Terms used but not defined
herein shall have the meaning assigned thereto in the Merger
Agreement (as defined below).
“BGC
Partners” means BGC Partners, Inc.
“Board of
Directors” means the Board of Directors of BGC
Partners.
“Business
Day” means any day other than a Saturday, Sunday or other
day on which commercial banks in the State of New York are
authorized or required by Law or executive order to
close.
“Contract”
means any agreement, contract, obligation, promise or
undertaking.
“Copyrights” means any foreign or U.S.
copyright registrations and applications for registration thereof,
and any non-registered copyrights.
“eSpeed”
refers to eSpeed, Inc. prior to the Effective Time of the
Merger.
“Intellectual
Property” means, collectively, all Copyrights, Patents,
Trademarks, Trade Secrets, Internet Assets, Software and other
proprietary rights.
“Internet
Assets” means any Internet domain names and other
computer user identifiers and any rights in and to sites on the
worldwide web, including rights in and to any text, graphics, audio
and video files and html or other code incorporated in such
sites.
“Joint Services
Agreement” means the Amended and Restated Joint Services
Agreement, dated as of October 1, 2005, by and between Cantor
and eSpeed, as amended.
“Law”
means any federal, state, local, municipal or foreign (including
supranational) law, statute, ordinance, rule, regulation, judgment,
order, injunction, decree, arbitration award, agency requirement,
license or permit of any Governmental Authority.
“License”
has the meaning set forth in Section 2 of this
Agreement.
“Merger
Agreement” means the Agreement and Plan of Merger, dated
as of May 29, 2007, by and among BGC Partners, Inc., Cantor
Fitzgerald, L.P., eSpeed, BGC Partners, L.P., BGC Global Holdings,
L.P. and BGC Holdings, L.P., as amended by Amendment No. 1,
dated as of November 5, 2007 and Amendment No. 2, dated
as of February 1, 2008, as it may be amended from time to
time.
“Patents”
means any foreign or U.S. patents and patent applications,
including any divisions, continuations, continuations-in-part,
substitutions or reissues thereof, whether or not patents are
issued on such applications and whether or not such applications
are modified, withdrawn or resubmitted.
“Parties”
means BGC Partners and Cantor, each a
“Party.”
“Person”
means any individual, firm, corporation, partnership, trust,
incorporated or unincorporated association, joint venture, joint
stock company, limited liability company, Governmental Authority or
other entity of any kind, and shall include any successor (by
merger or otherwise) of such entity.
“Software”
means any computer software programs, source code, object code,
data and documentation, including, any computer software programs
that incorporate and run BGC Partners’ pricing models,
formulae and algorithms.
“Subsidiary” of any Person means, as of the
relevant date of determination, any other Person, any corporation
or other Person of which 50% or more of the voting power of the
outstanding voting equity securities or 50% or more of the
outstanding economic equity interest is owned, directly or
indirectly, by such first Person.
“Trade
Secrets” means any trade secrets, research records,
business methods, processes, procedures, manufacturing formulae,
technical know-how, technology, blue prints, designs, plans,
inventions (whether patentable and whether reduced to practice),
invention disclosures and improvements thereto.

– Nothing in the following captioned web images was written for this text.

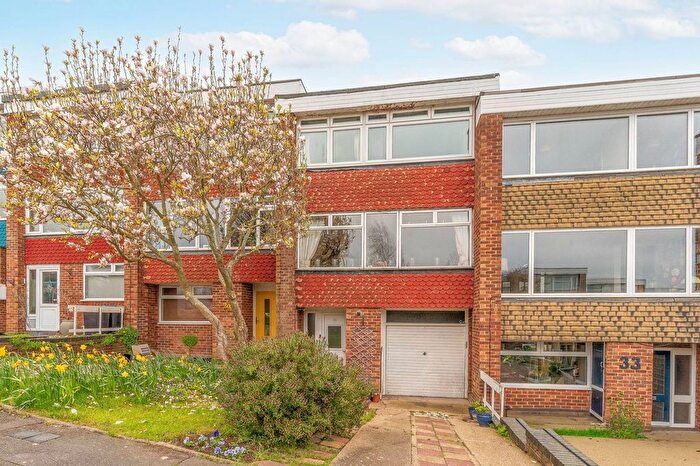4 Bedroom End Terrace House For Sale In White Lodge, Upper Norwood, London, SE19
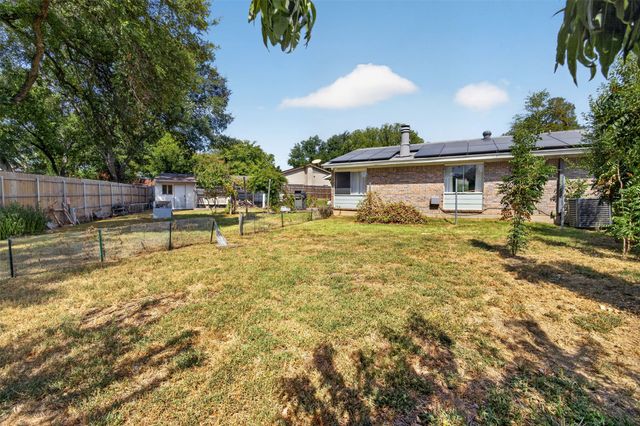 120 Willow Street, Lewisville, TX 75067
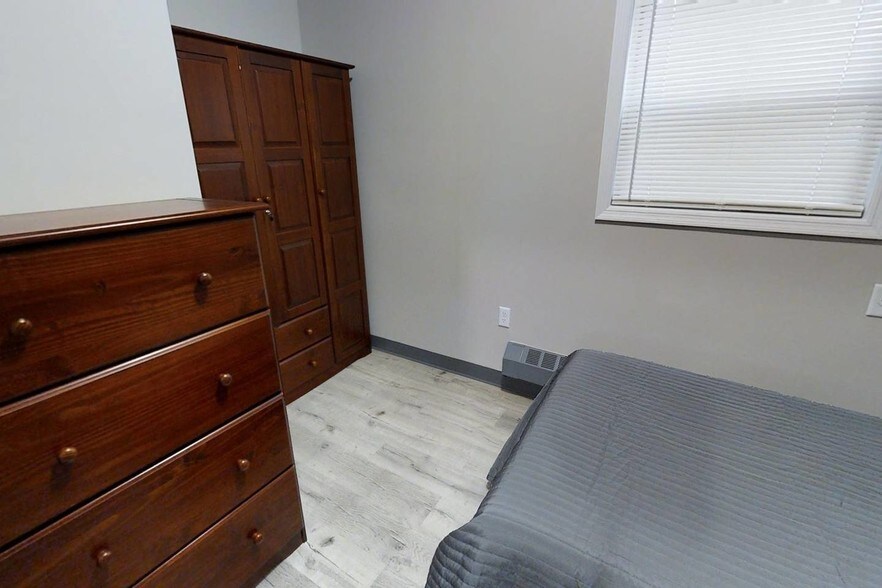 Building Photo - 344 Kearny Ave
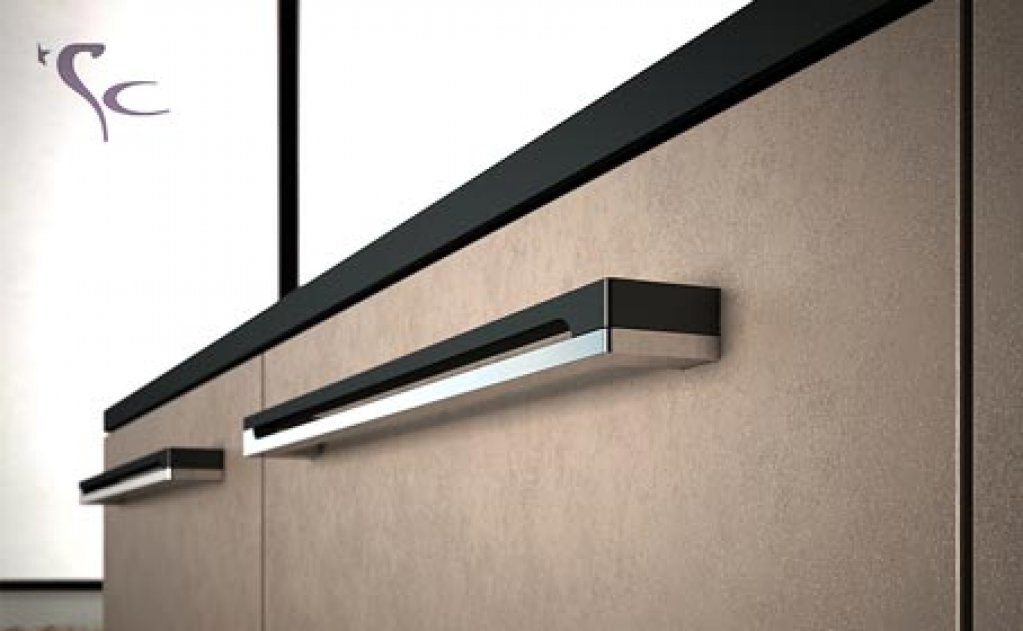 Manere metalice de mobila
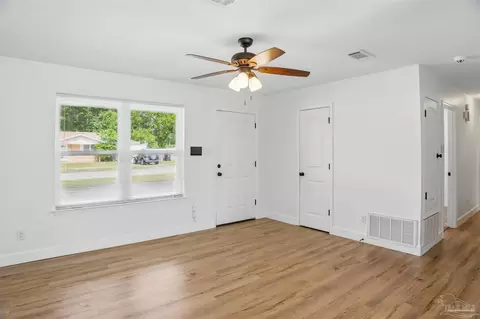 4248 Seaport Rd, Pace, FL 32571 photo 6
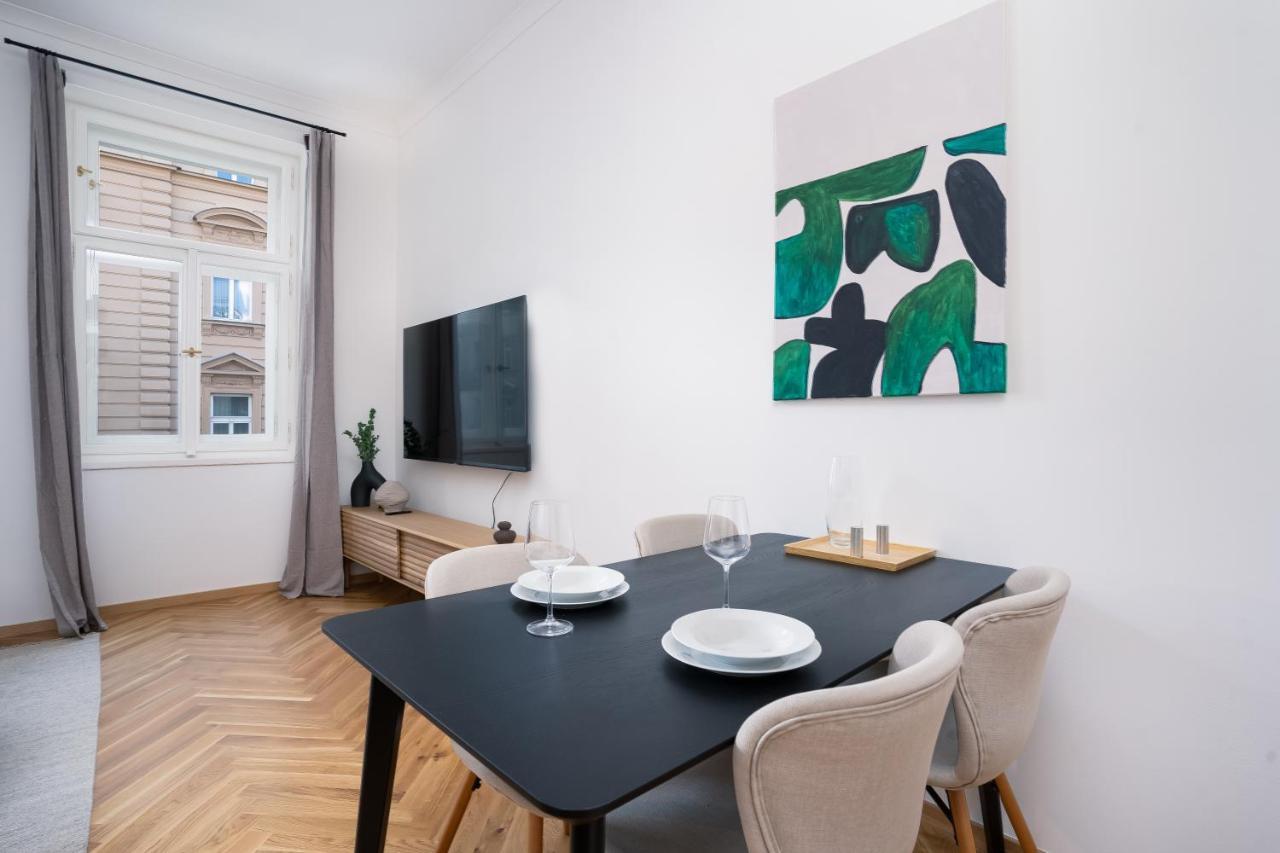 Days - Bright Flat - Small Balcony - Quiet Area Appartement Prague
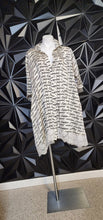 Load image into Gallery viewer, NEW COLLECTION LIMITED EDITION DRESS       SZ LRG
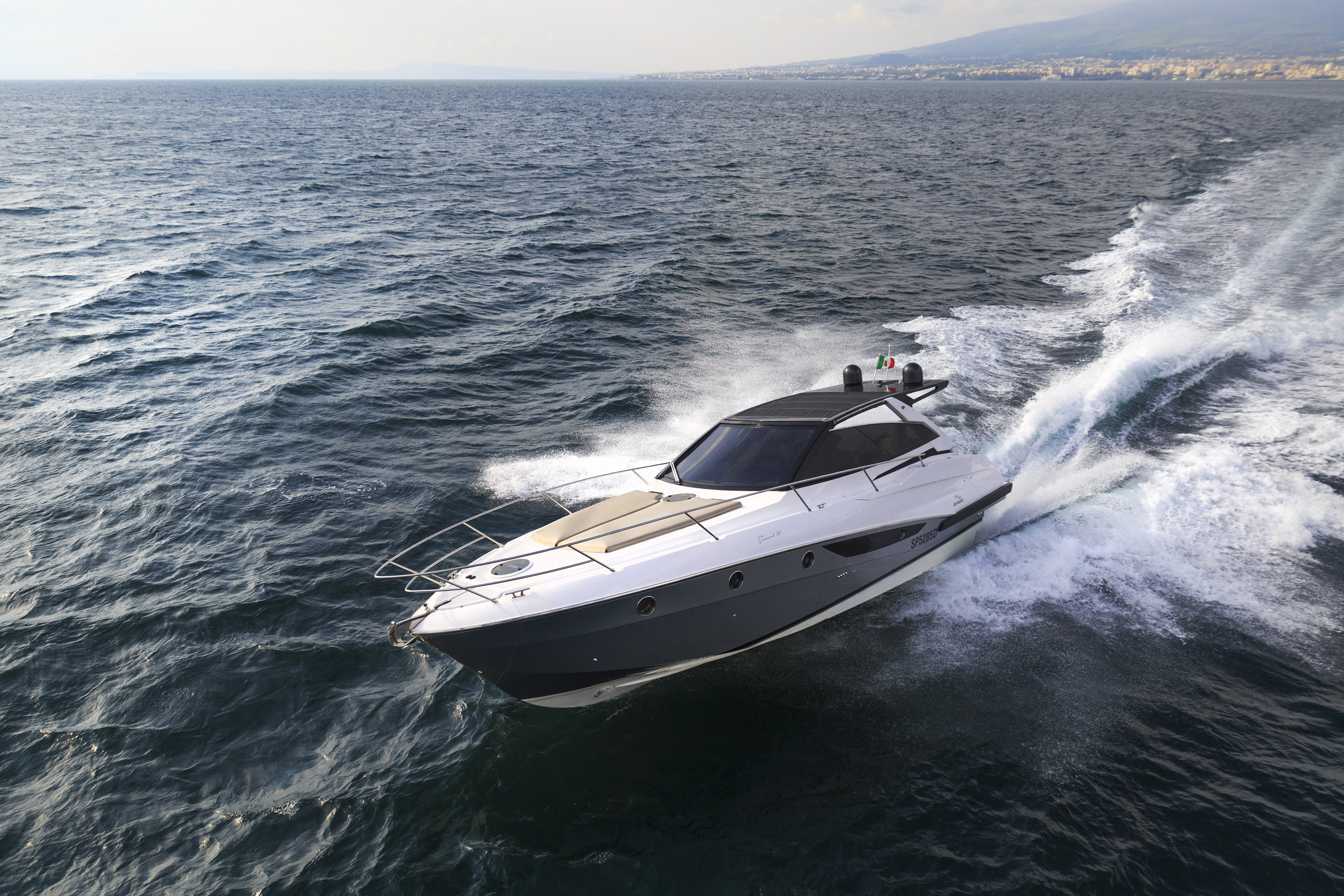 yacht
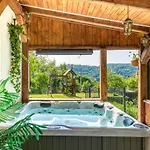 Maklen-1 By Interhome * Brod Moravice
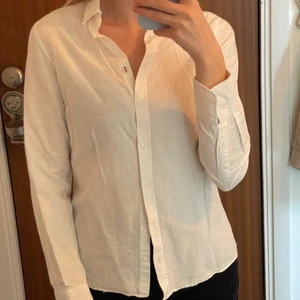 Vit skjorta från Boomerang - Vit skjorta i 100% bomull från Boomerang, regular fit. Nypris ca 1199kr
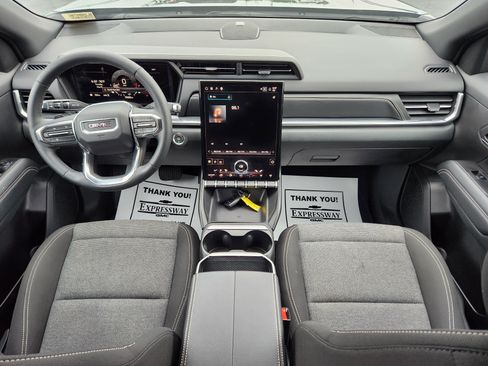 Used 2025 GMC Terrain Elevation AWD/4WD image 15
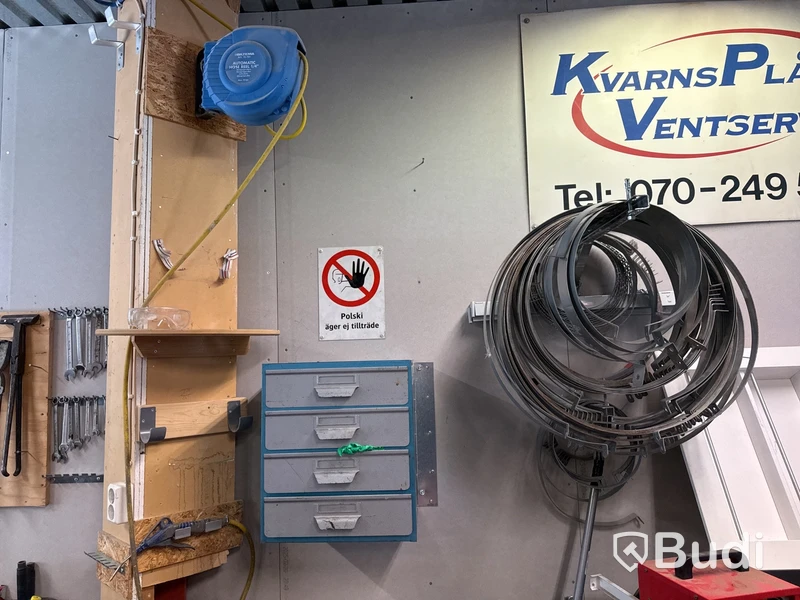 Ventilationsutrustning, verktyg, maskiner m.m. Stort parti.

“Trademarks” means any foreign or U.S.
trademarks, service marks, trade dress, trade names, brand names,
designs and logos, corporate names, product or service identifiers,
whether registered or unregistered, and all registrations and
applications for registration thereof.
Reference is made to the
Merger Agreement pursuant to which BGC Partners and Cantor agreed
to a termination of the Joint Services Agreement and to the
termination and survival of certain mutual rights and obligations.
In furtherance thereof, BGC Partners for itself and on behalf of
its Subsidiaries that own any right, title or interest in the
software, technology and Intellectual Property that Cantor or its
Subsidiaries (a) owned and contributed to BGC Partners’
Subsidiaries pursuant to the Separation Agreement or
(b) Cantor had a right to use, or that was used by eSpeed for
or
on behalf of Cantor and its
Subsidiaries, prior to the Effective Time under the Joint Services
Agreement (other than any software, technology or Intellectual
Property exclusively used by eSpeed as of the date of the Merger
Agreement for fully electronic brokerage of U.S. Treasuries and
foreign exchange) shall grant Cantor and its Subsidiaries,
effective as of the Effective Time, a non-exclusive, perpetual,
irrevocable, worldwide, non-transferable (except as described
below), and royalty-free license (the “License”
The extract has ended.